Fig 1. Colony morphology of the dominant strains in the culture medium and electrophoresis atlas of the PCR products amplified from apple fruit fermentation (AFF).

(A), colony morphology. 1, Coprinus atramentarius (Bull.) Fr. 2, Bacillus megaterium. 3, Bacillus licheniformis. 4, Weissella. 5–8, Bacillus subtilis. (B, C), PCR amplification from apple fruit fermentation (AFF).

Characterization of the Rhizosphere Microbial Community under Various Treatments

To investigate the rhizosphere microbial community after applying AFF and/or bacterial solution (500 times solution + 108 cfu/mL Bacillus licheniformis) to the matrix, 5 experimental treatments were designed, as described in Materials and Methods, and PCR analysis of 16S rDNA fragments in the matrix samples was conducted using DGGE (Fig 2A and 2B). The DGGE fingerprint chromatogram (Fig 2), in which each band represents a different bacterium, showed substantial differences in the number of bands, band intensities, and locations of the microorganism DNA from different areas around the strawberry rhizosphere. Compared with the blank and CK treatments, the number of bacteria in T1 increased in bands 6 and 8, and the intensities of bands 13, 15, 16, 25, 35, 41 and 45 were significantly higher; the number of bacteria in T2 was higher in bands 3 and 5, and the intensities of bands 12 and 29 were significantly greater in T3; the number of bacteria was lower in bands 2, 8 and 5 compared with the blank, T1 and T2, and the intensities of all bands were lower than those in other treatments. These results suggested that application of AFF to the matrix resulted in a greater microbial species diversity and abundance around the strawberry rhizosphere, these effects were even greater by adding B. licheniformis to the AFF.

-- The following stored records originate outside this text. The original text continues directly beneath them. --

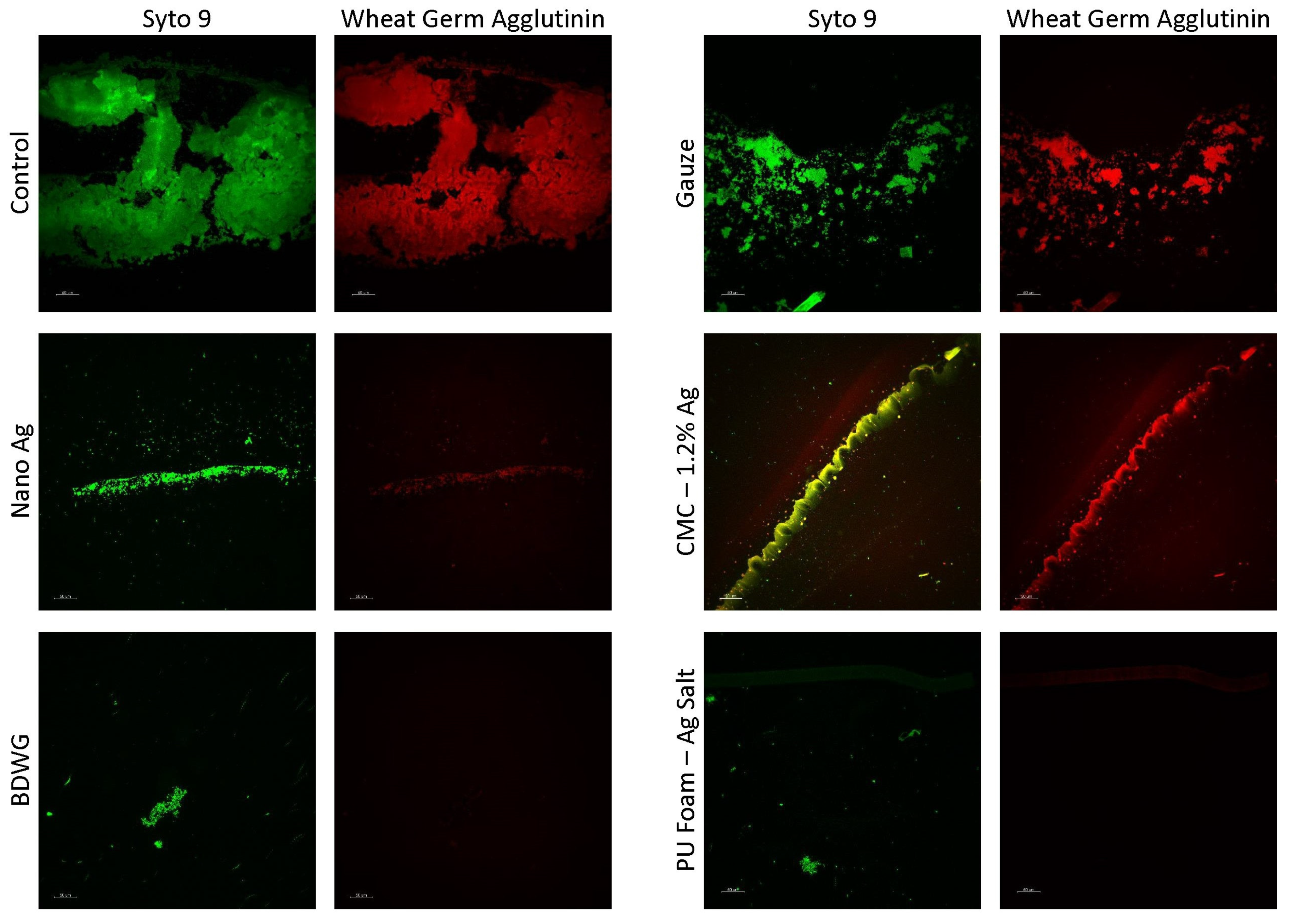 Antibiotics 12 00536 g004 Antibiotics 12 00536 g004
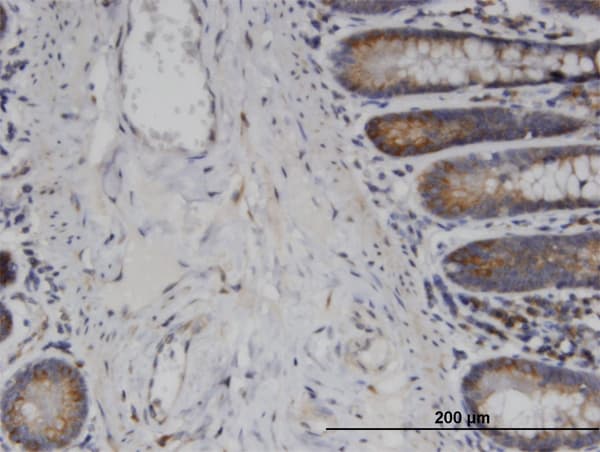 USP45 Antibody (clone 1H2)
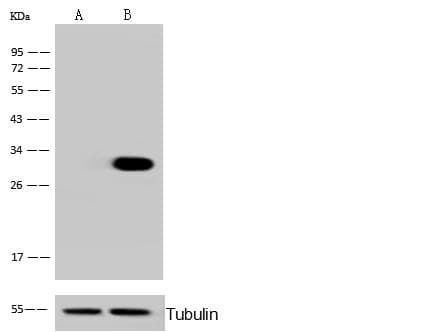 Polyclonal Rabbit anti-Human PHAP1 / ANP32A Antibody (Preservative Free, IHC, IF, WB)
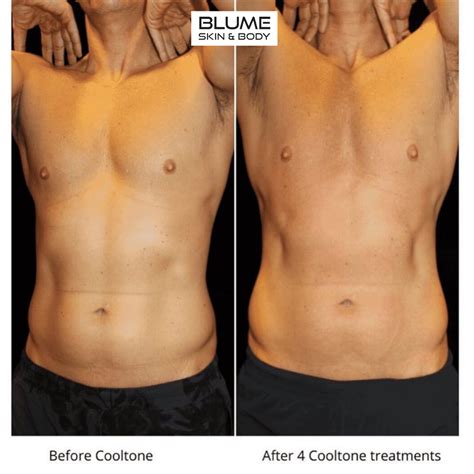 Tonesculpt 1 Treatment 2 Outcomes Find Out More .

Fig 2. The identification of the rhizosphere microbial community under various treatments.

(A), agarose gel (2%) electrophoresis of rhizosphere genomic DNA (Marker: DL2000). (B), agarose gel (2%) electrophoresis of PCR amplified 16S rDNA (Marker: DL2000). (C), PCR-DGGE (denaturing gradient gel electrophoresis) DNA profiles, and the sequencing codes for cloning of bands that differed between treatments. Abbreviation: Blank (blank plots transplanting the plant before), CK (500 mL water), T1 (apple fruit fermentation (AFF) 500 times solution), T2 (AFF 500 times solution + 108 cfu/mL Bacillus licheniformis), T3 (108 cfu/mL Bacillus licheniformis).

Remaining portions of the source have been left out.